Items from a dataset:
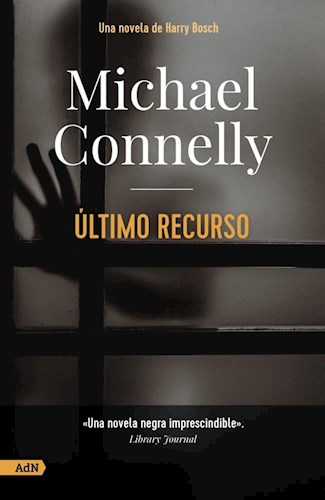 Papel ULTIMO RECURSO (CONNELLY MICHAEL) (BOLSILLO)
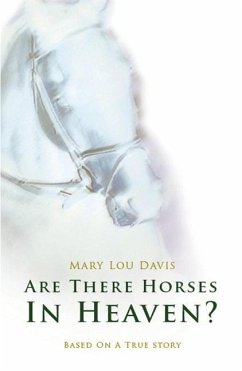 Are There Horses in Heaven? - Davis, Mary Lou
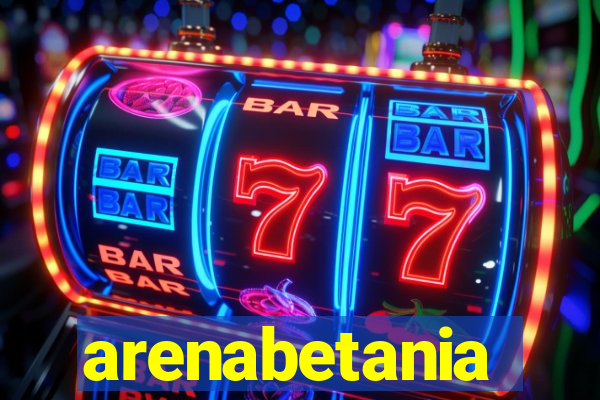 arenabetania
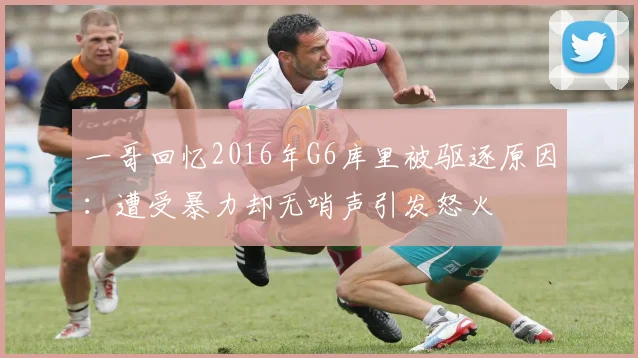 一哥回忆2016年G6库里被驱逐原因：遭受暴力却无哨声引发怒火
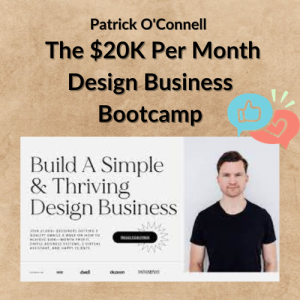 Patrick O'Connell - The $20K Per Month Design Business Bootcamp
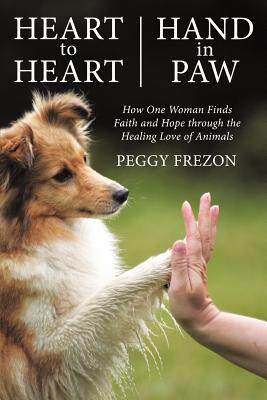 【预售】Heart to Heart, Hand in Paw: How One Woman Finds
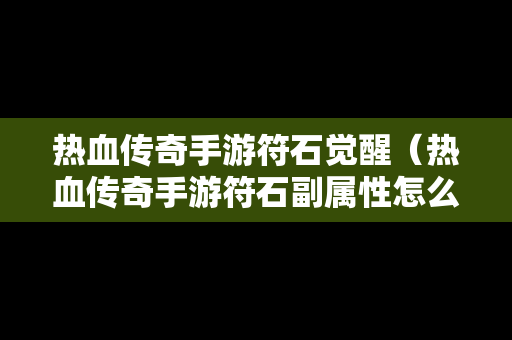 热血传奇手游符石觉醒（热血传奇手游符石副属性怎么激活）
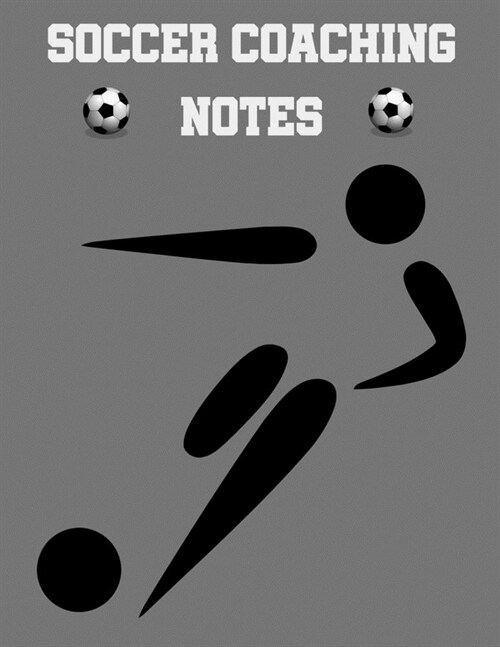 Soccer Coaching Notes: For soccer coaches to use to plan games - Includes a pitch diagram to sketch out strategies and room for coaching note (Paperback)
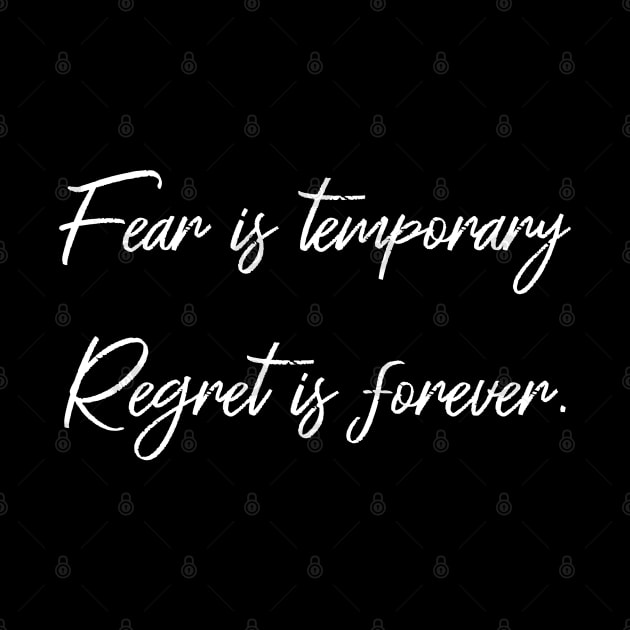 Fear is temporary. Regret is forever | Faith Over Fear by FlyingWhale369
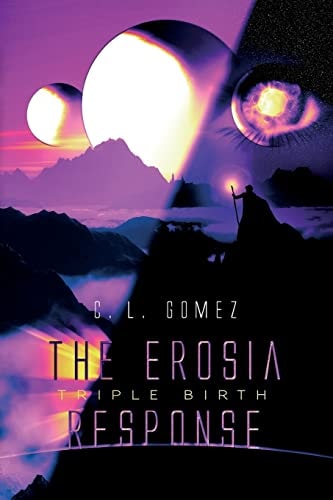 The Erosia Response Triple Birth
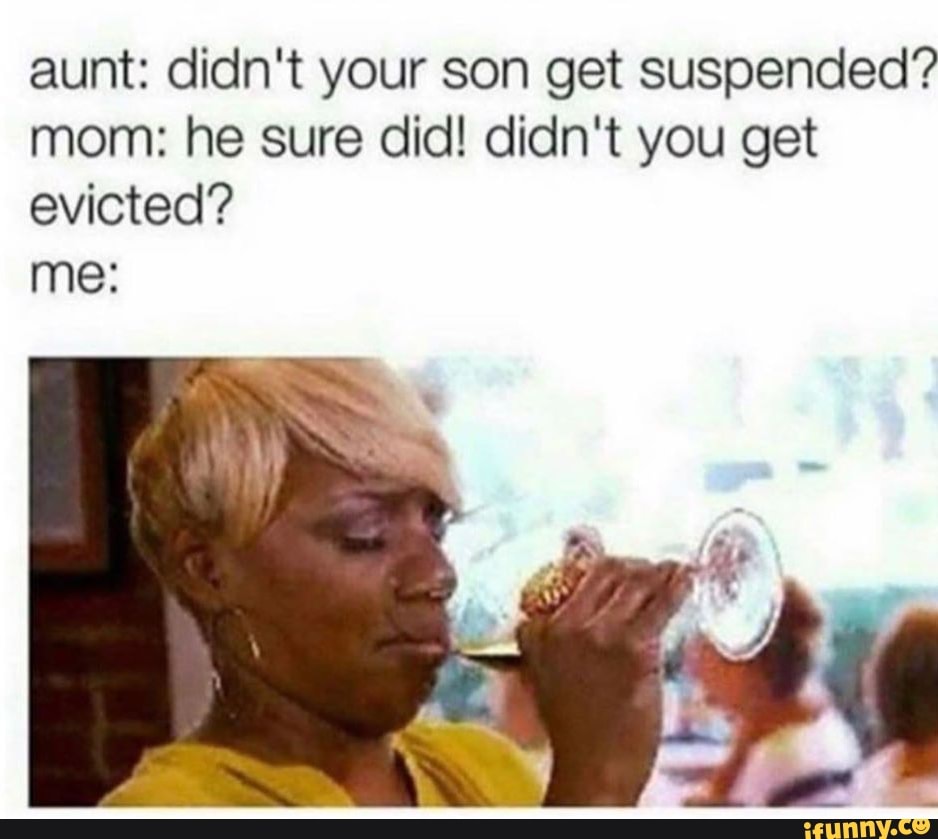 Aunt didn't your son get suspended? mom he sure did! didn't you get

> AIM OF THE TASK: Copy exactly the lines from the line that has "Are There Horses" through the last line of the entries above, inclusive, and no others. Pictures do not go in the copy.

> EXPECTED ANSWER:
 Are There Horses in Heaven? - Davis, Mary Lou
 arenabetania
 一哥回忆2016年G6库里被驱逐原因：遭受暴力却无哨声引发怒火
 Patrick O'Connell - The $20K Per Month Design Business Bootcamp
 【预售】Heart to Heart, Hand in Paw: How One Woman Finds
 热血传奇手游符石觉醒（热血传奇手游符石副属性怎么激活）
 Soccer Coaching Notes: For soccer coaches to use to plan games - Includes a pitch diagram to sketch out strategies and room for coaching note (Paperback)
 Fear is temporary. Regret is forever | Faith Over Fear by FlyingWhale369
 The Erosia Response Triple Birth
 Aunt didn't your son get suspended? mom he sure did! didn't you get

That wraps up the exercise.